━━ Given records

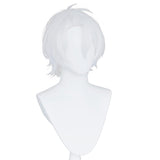 Anime The Case Study of Vanitas-Noé Archiviste Cosplay Peluca Cabello Sintético Resistente al Calor Carnival Halloween Fiesta
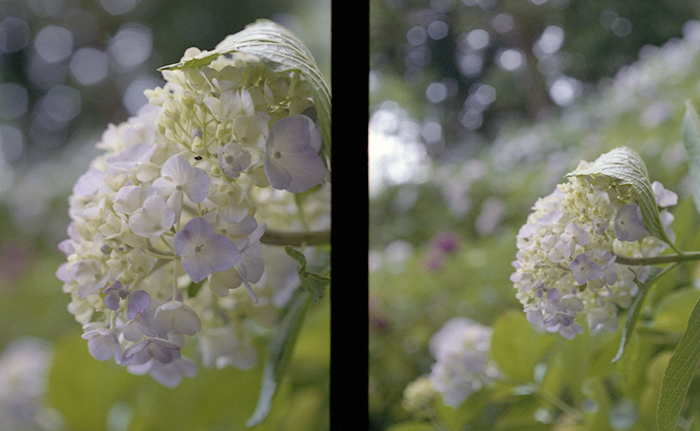 f:id:aremo-koremo:20170701165257j:plain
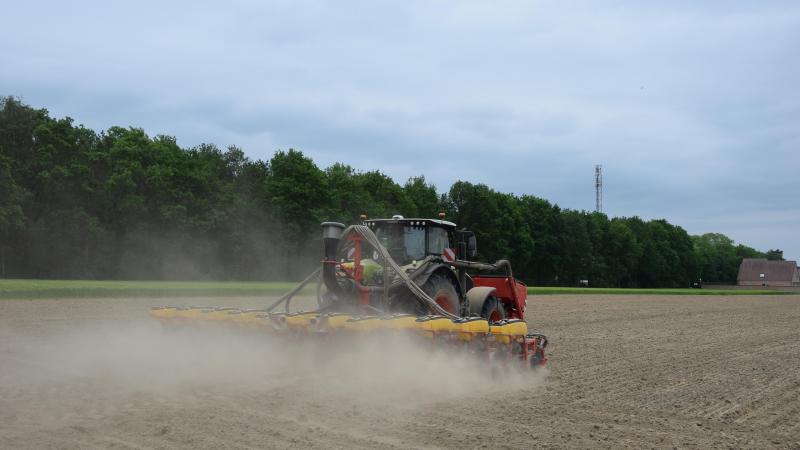 Met een droogtetolerante maïsvariëteit kan je,  zeker op percelen die droogtegevoelig zijn, een  ‘verzekering’ inbouwen.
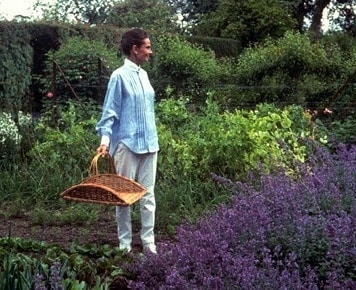 Audrey Hepburn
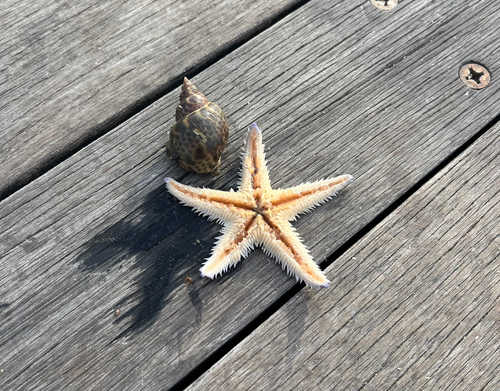 タカノハダイの釣果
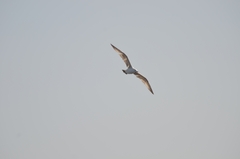 Larus argentatus mongolicus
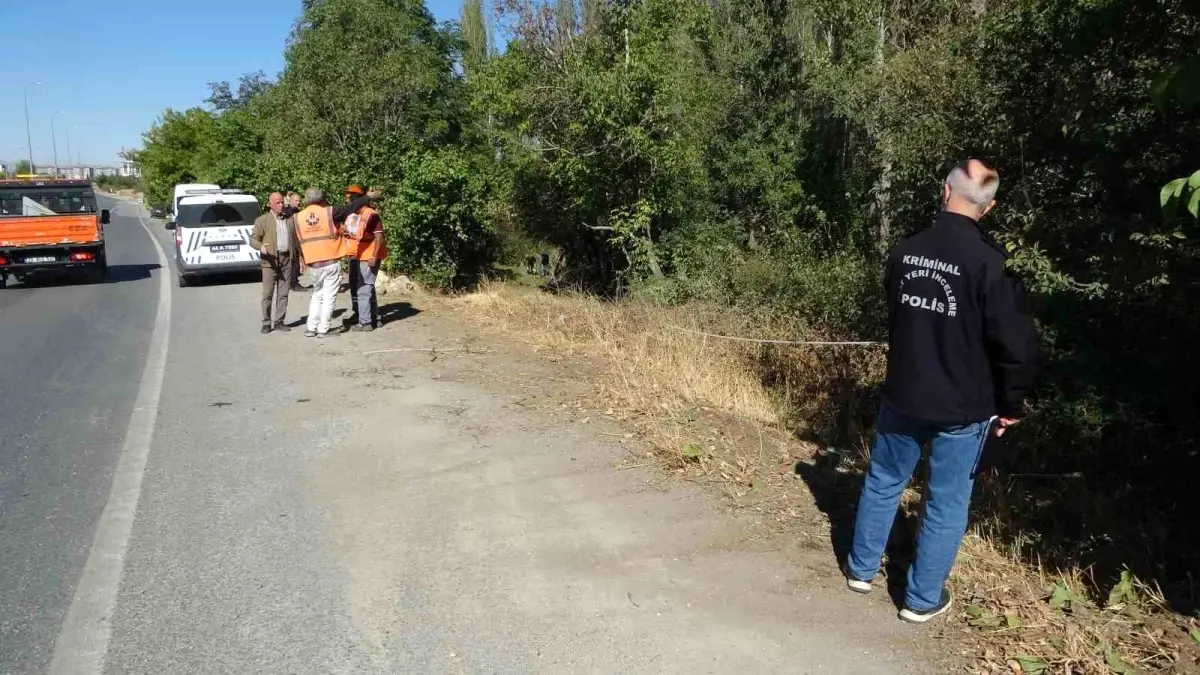 malatyada otomobil kayisi bahcesine uctu 1 yarali naLKajb8.jpg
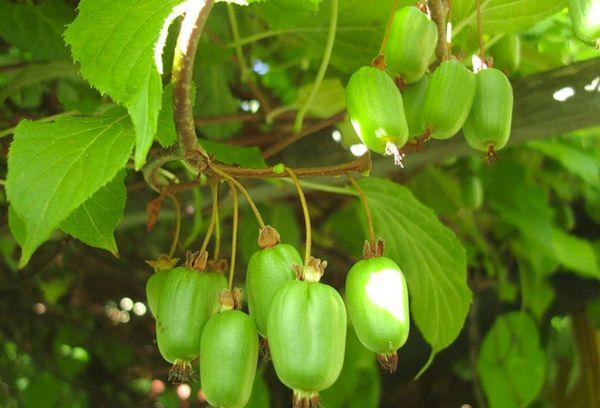 Actinidia bär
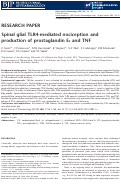 Cover page: Spinal glial TLR4‐mediated nociception and production of prostaglandin E2 and TNF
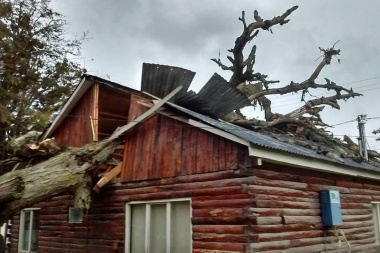 Un árbol destruyó el techo de una oficina pública de Tolhuin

━━━━

What is expected:
Write the listing out exactly, apart from its pictures.

Output of the task:
 Anime The Case Study of Vanitas-Noé Archiviste Cosplay Peluca Cabello Sintético Resistente al Calor Carnival Halloween Fiesta
 f:id:aremo-koremo:20170701165257j:plain
 Met een droogtetolerante maïsvariëteit kan je,  zeker op percelen die droogtegevoelig zijn, een  ‘verzekering’ inbouwen.
 Audrey Hepburn
 タカノハダイの釣果
 Larus argentatus mongolicus
 malatyada otomobil kayisi bahcesine uctu 1 yarali naLKajb8.jpg
 Actinidia bär
 Cover page: Spinal glial TLR4‐mediated nociception and production of prostaglandin E2 and TNF
 Un árbol destruyó el techo de una oficina pública de Tolhuin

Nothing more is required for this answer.